■ WHAT YOU ARE ASKED TO DO ■
Copy the records below exactly, leaving out any pictures.

**** EXERCISE DATA

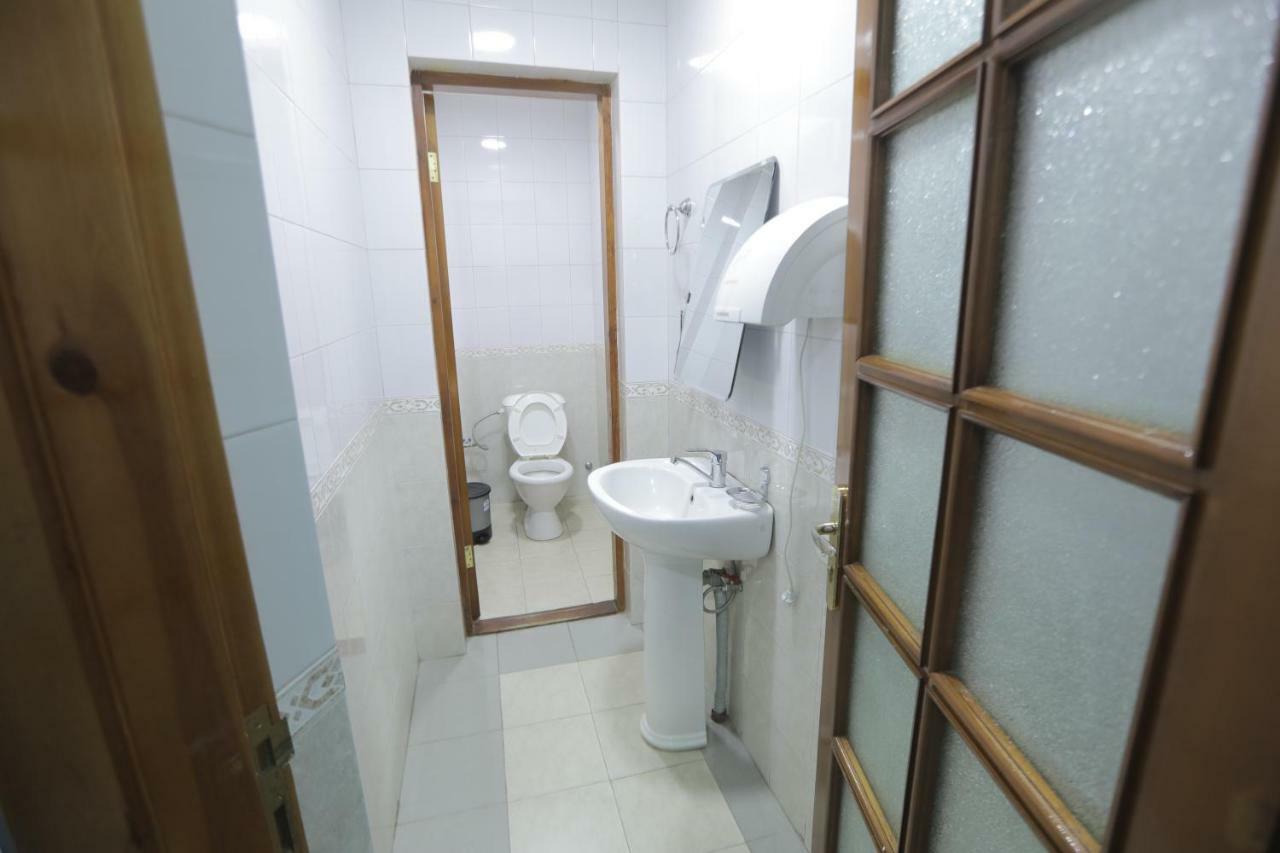 The Top Hostel Ташкент Екстериор снимка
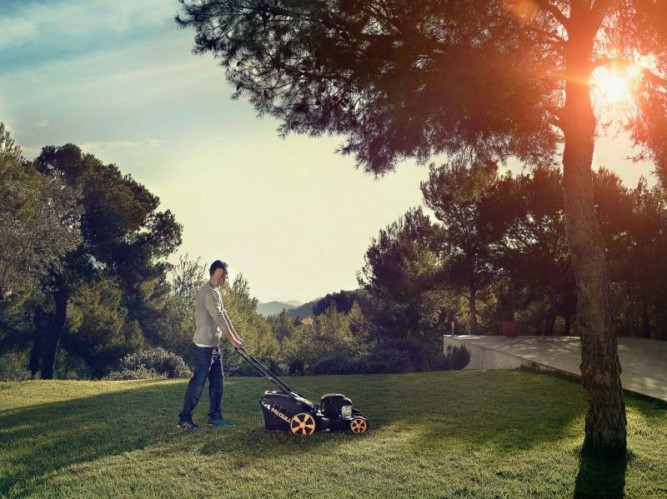 Газонокосилка бензиновая McCulloch M46-190AWREX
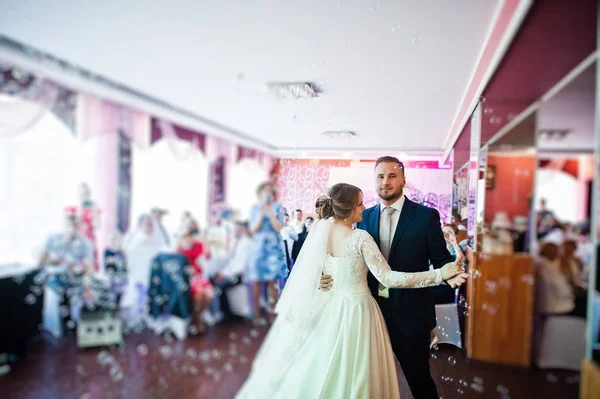 Vackra bröllop par utför sin första Dans i res — Stockfoto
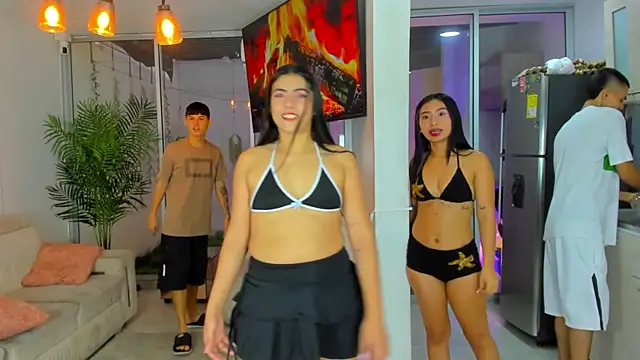 stangirls  online show from July 3, 9:32 pm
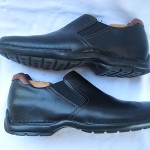 COLE HAAN BLACK LEATHER SLIP ON LOAFERS SIZE 9 MEDIUM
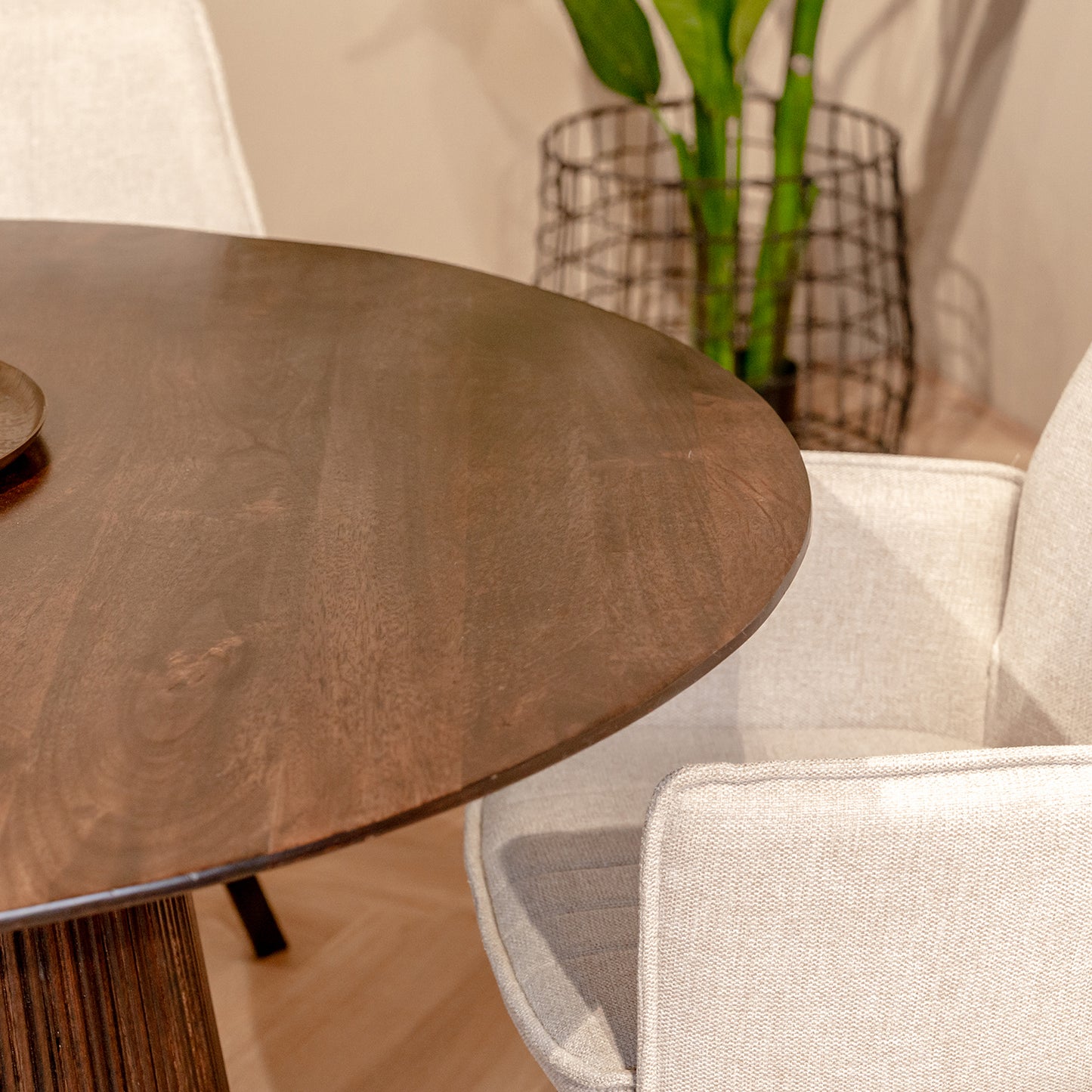 Eettafel Salvator | Walnoot Mangohout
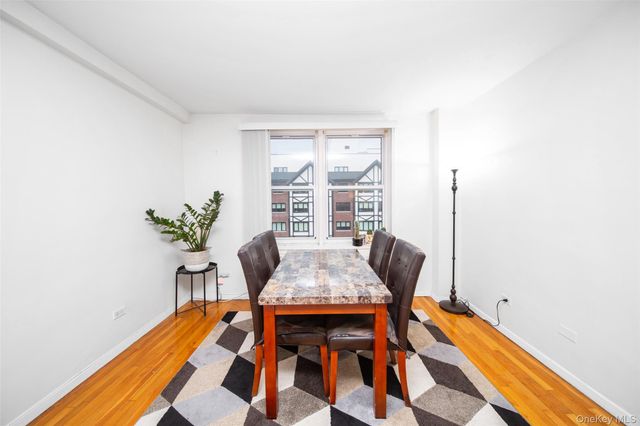 241-20 Northern Boulevard 5E, Douglaston, NY 11362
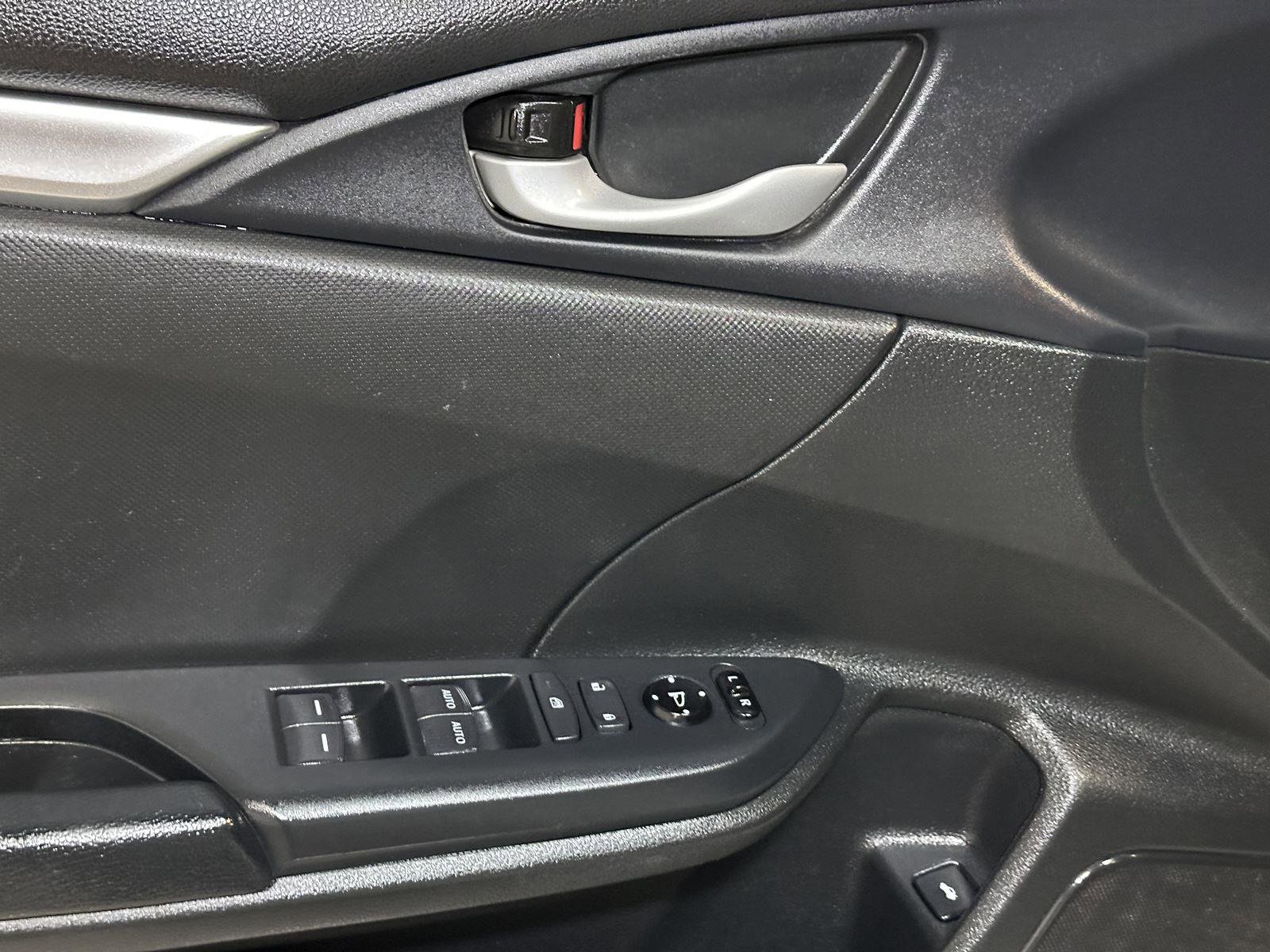 Used 2020 Honda Civic Sport image 21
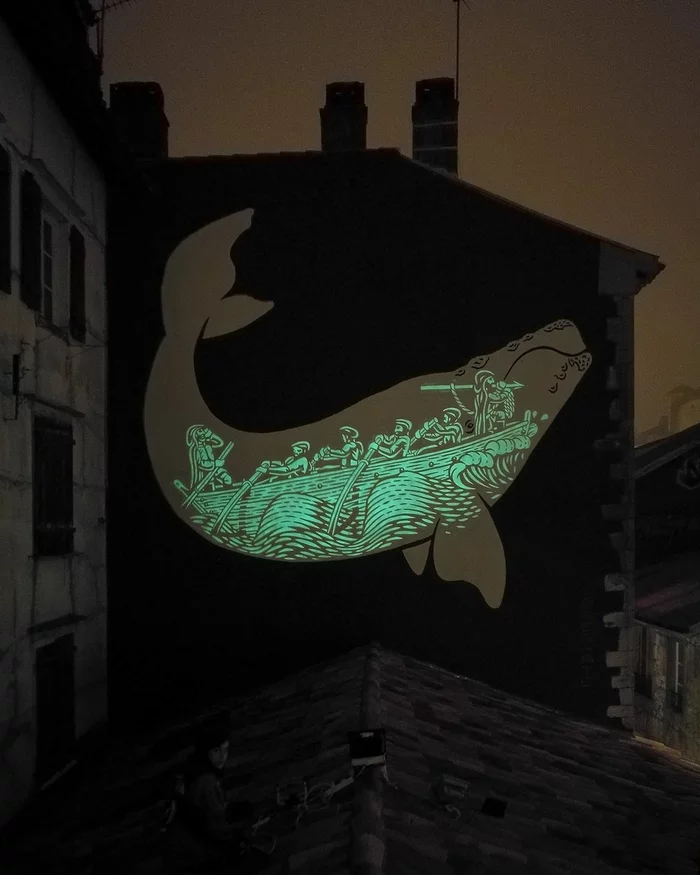 Mysterious mural - The photo, France, Mural, Luminescence, Unusual, beauty, Sailors, Whale, Longpost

********

■ TASK OUTPUT ■
 The Top Hostel Ташкент Екстериор снимка
 Газонокосилка бензиновая McCulloch M46-190AWREX
 Vackra bröllop par utför sin första Dans i res — Stockfoto
 stangirls  online show from July 3, 9:32 pm
 COLE HAAN BLACK LEATHER SLIP ON LOAFERS SIZE 9 MEDIUM
 Eettafel Salvator | Walnoot Mangohout
 241-20 Northern Boulevard 5E, Douglaston, NY 11362
 Used 2020 Honda Civic Sport image 21
 Mysterious mural - The photo, France, Mural, Luminescence, Unusual, beauty, Sailors, Whale, Longpost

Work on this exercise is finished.